Twenty-six years ago, researchers at Yale University made a surprising discovery when a small group of patients with major depressive disorder (MDD) showed improved symptoms after a single dose of intravenous (IV) ketamine.
Since then, other studies have added weight to the potential psychiatric benefits of the drug, which the FDA approved a half century ago as an anesthetic.
So in 2018 when a team of researchers at Trinity College Dublin in Dublin, Ireland, set out to investigate racemic ketamine infusions as a treatment for depression, they expected to find similar positive effects.
Instead, they found that adding ketamine to usual inpatient care offered no additional benefit compared to a psychoactive placebo, leaving the researchers to wonder if assertions of ketamine’s efficacy for depression have been overstated, lead investigator Declan McLoughlin, PhD, research professor of psychiatry at Trinity College Dublin, said.

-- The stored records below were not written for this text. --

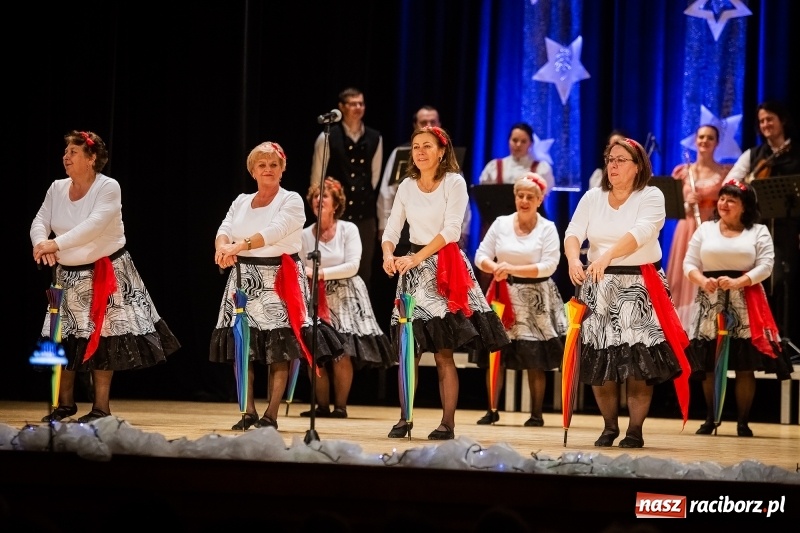 Zdjęcie w galerii na portalu naszraciborz.pl: Koncert charytatywny Źródła na rzecz Rafałka wiadomości z regionu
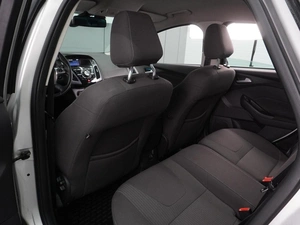 Седан Ford Focus 2013 года, 1060000 рублей, Воронеж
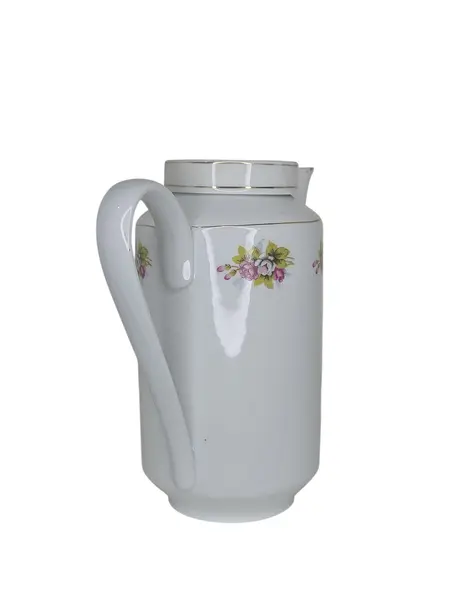 Foto de um(a) Bule de Café em Porcelana Real - Floral Vintage com Friso a Ouro, da categoria de Bules. Elegante bule de café antigo em porcelana branca de alta qualidade, fabricado pela renomada Porcelana Real (São Paulo). Esta... Mostrado de uma perspectiva diferente. Vendido no marketplace Trésors.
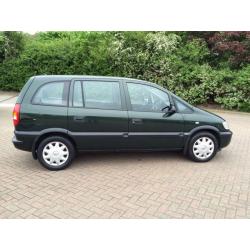 Vauxhall Zafira 2.0 diesel one year mot service history HPI clear excellent condition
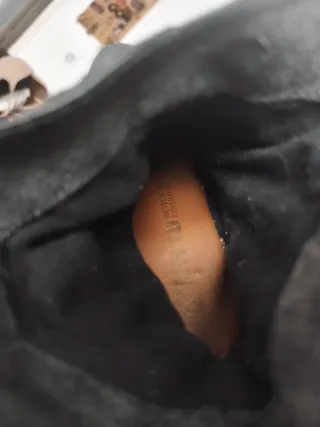 Botines grises con hebilla y detalles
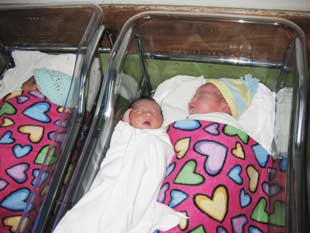 newborns wth caps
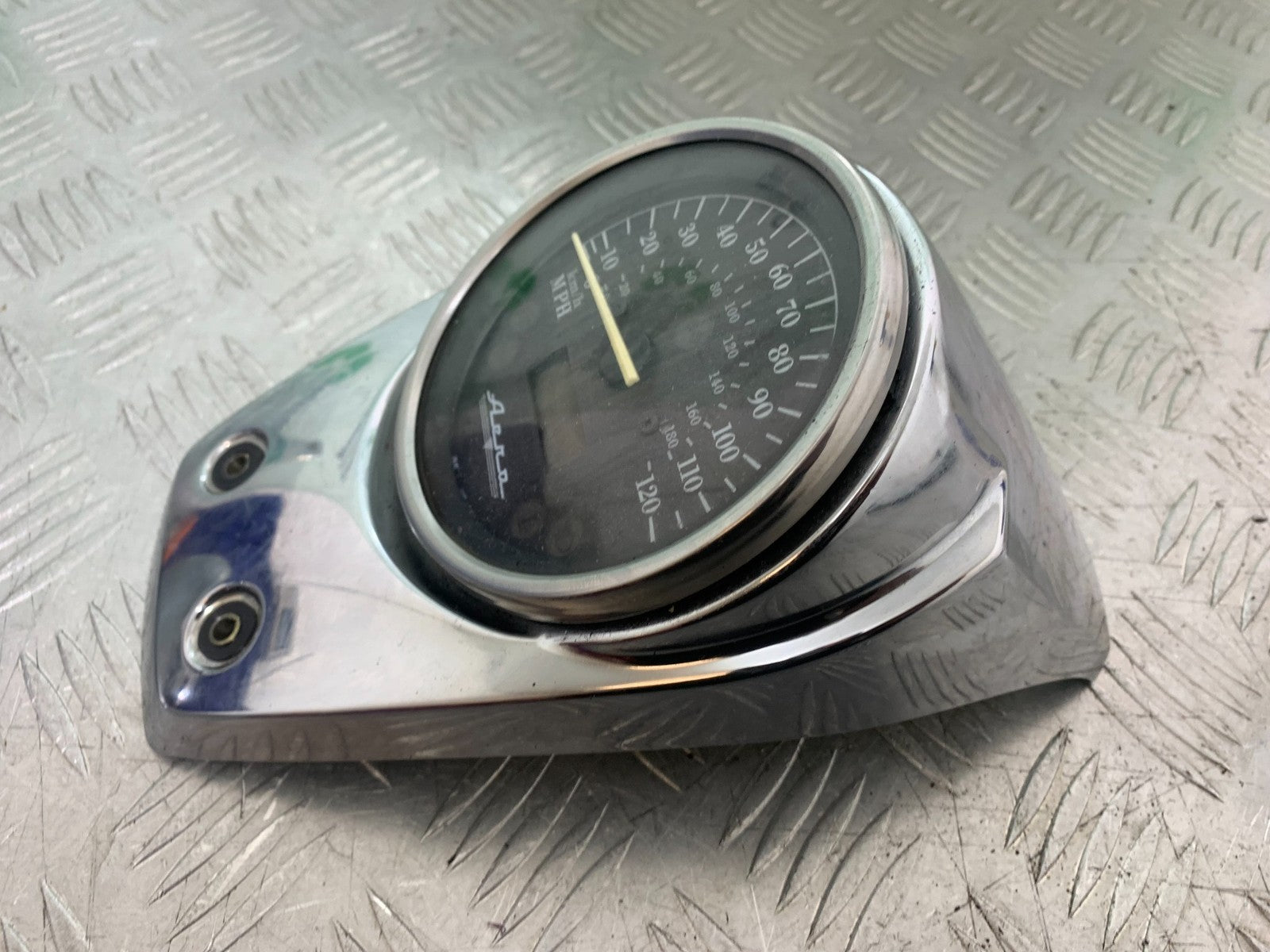 HONDA VT750 SHADOW CLOCKS SPEEDO DASH YEAR 2003-2004 (CMB1265)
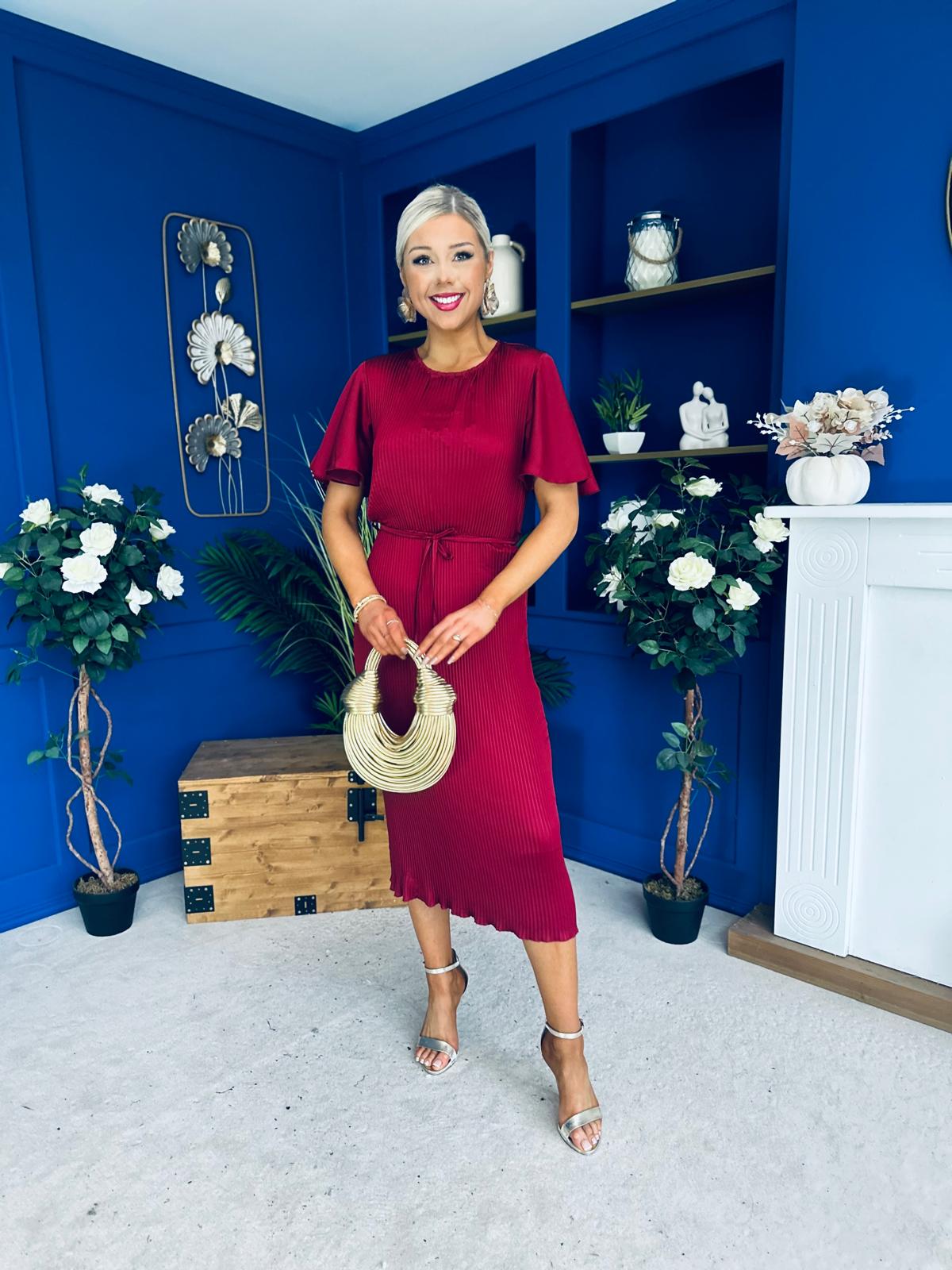 Sadie Plisse Detail Midi Dress Wine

“The evidence base for giving people with depression serial infusions of ketamine is very limited, and our findings are negative,” he told Medscape Medical News.

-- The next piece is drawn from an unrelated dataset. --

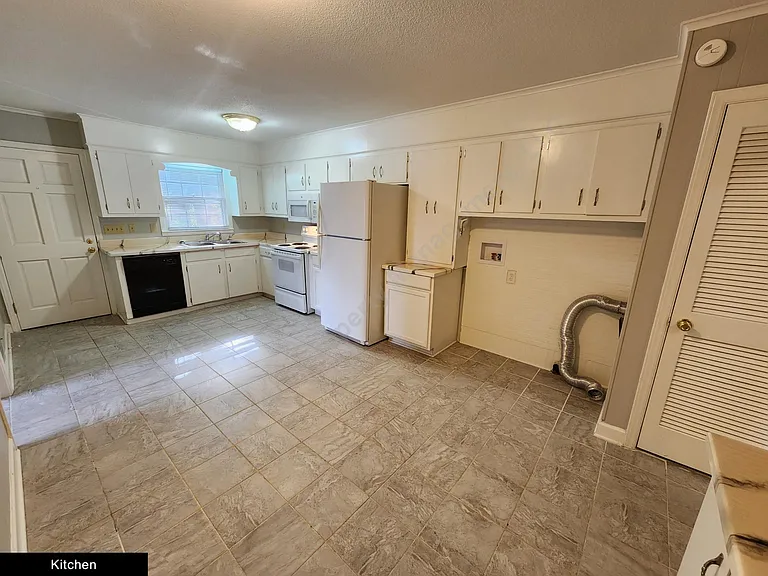 319 Kilbourne Rd — Photo 6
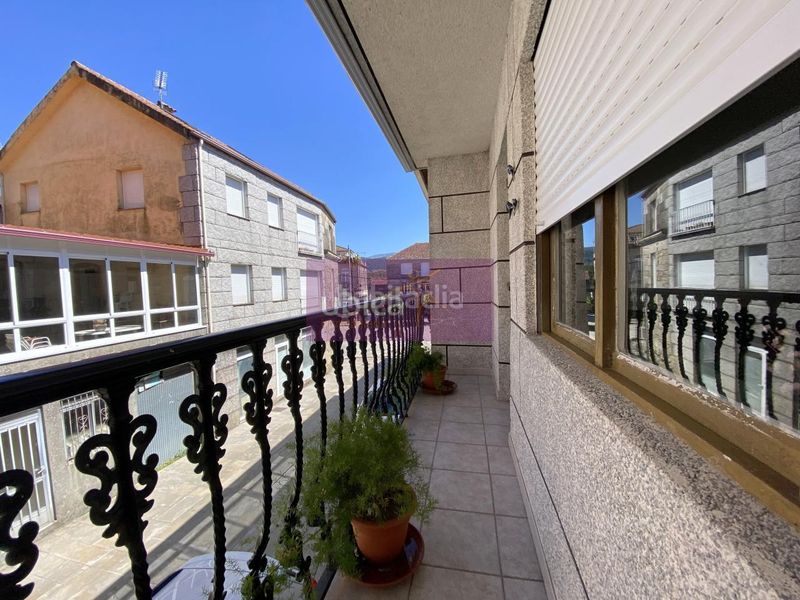 Foto 63b0f02f-48a1-4404-8015-45da30788b08. Casa adossada amb calefacció a Arbo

This study is the latest to explore — and in this case, question — the use of ketamine for depression, leading some researchers to ask: Is ketamine for depression moving too fast on weak data?
The Ketamine Landscape
While the nasal spray formulation of ketamine, esketamine, is FDA-approved for treatment-resistant depression (TRD) and strictly regulated, racemic ketamine is not.
Following comprehensive screening, the current recommendation is that for psychiatric illness, ketamine be administered in a controlled setting under appropriate medical supervision. However, the anesthetic is increasingly prescribed off-label for depression and other psychiatric illnesses in settings with little oversight, generating safety concerns among experts. With US ketamine industry revenues projected to reach more than $6 billion by 2030, the hype shows no sign of slowing.

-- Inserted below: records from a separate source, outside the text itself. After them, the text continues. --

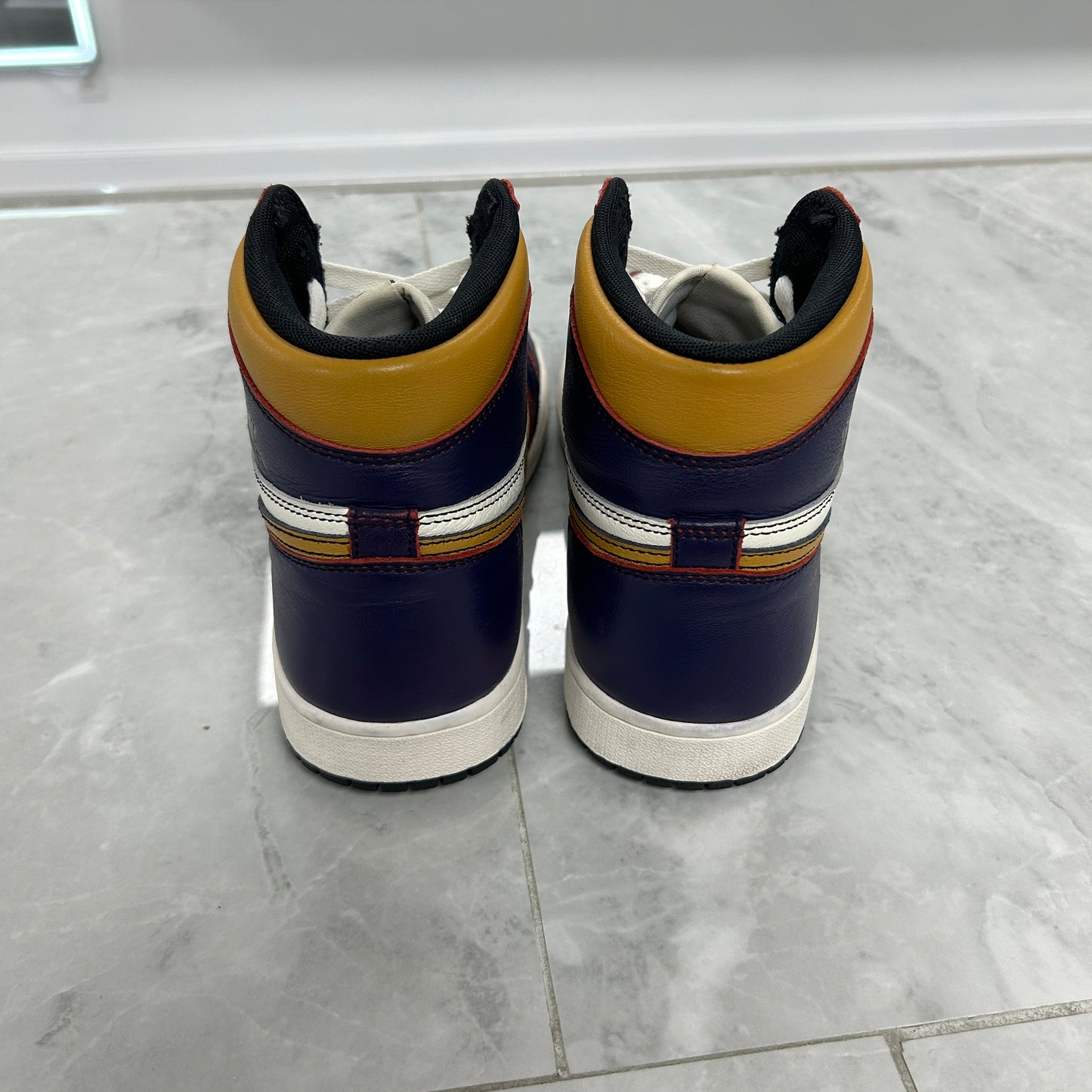 Jordan 1 Retro High OG Defiant SB LA to Chicago (USED NO BOX)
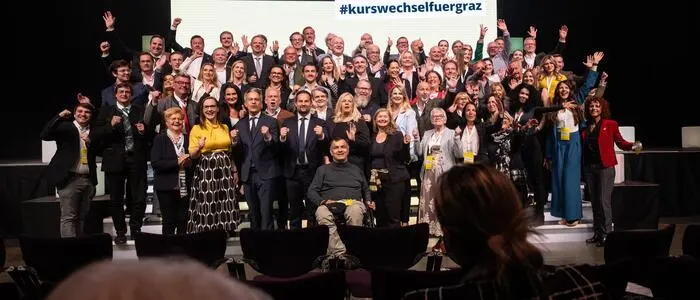 Gruppenfoto vom ÖVP-"Zukunftstag" in der Grazer Helmut-List-Halle: In der dritten Reihe, hinter Anna Hopper, Sabine Reininghaus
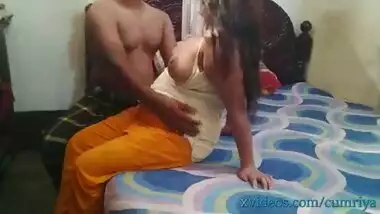 Marathi bhabhi ne pati ke boss se choda chodi masti kari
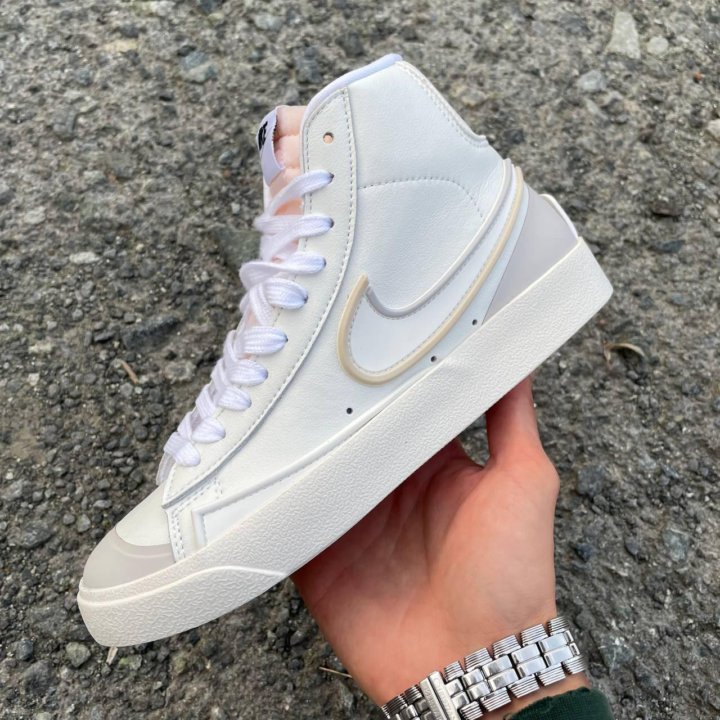 Nike Blazer 77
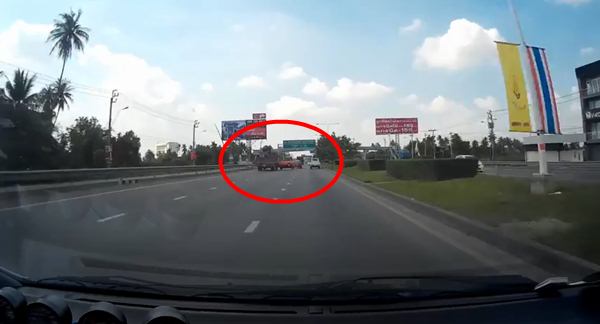 รถมินิออสติน กำลังแซงด้วยความเร็วสูง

Some of the interest is fueled by the absence of better treatment options for TRD, said Caleb Alexander, MD, MS, professor of epidemiology and medicine at the Johns Hopkins Bloomberg School of Public Health, Baltimore.
“What you have with treatment-resistant depression is a condition that is not uncommon and that by definition is a setting where the typical sort of off-the-shelf approaches that clinicians and patients typically reach for aren’t working,” he told Medscape Medical News. “There remains a very large unmet need. So this is sort of the perfect storm.”
Without a national ketamine registry, tracking off-label use is difficult. Since the pandemic, telemedicine platforms have begun offering ketamine for at-home use for various psychiatric conditions, raising concern among experts. Access is also available through any of the estimated 1500 private ketamine clinics currently operating in the US.
“Many clinics promote ketamine for not only off-label uses but uses where there is a glaring paucity of evidence,” such as restless leg syndrome, social phobia, or opioid withdrawal, Alexander said.
In addition, clinics don’t always clearly communicate the risks of ketamine treatment to patients — a study of off-label ketamine prescribing in Maryland showed that 41% of ketamine advertisers did not disclose adverse effects or risk for addiction.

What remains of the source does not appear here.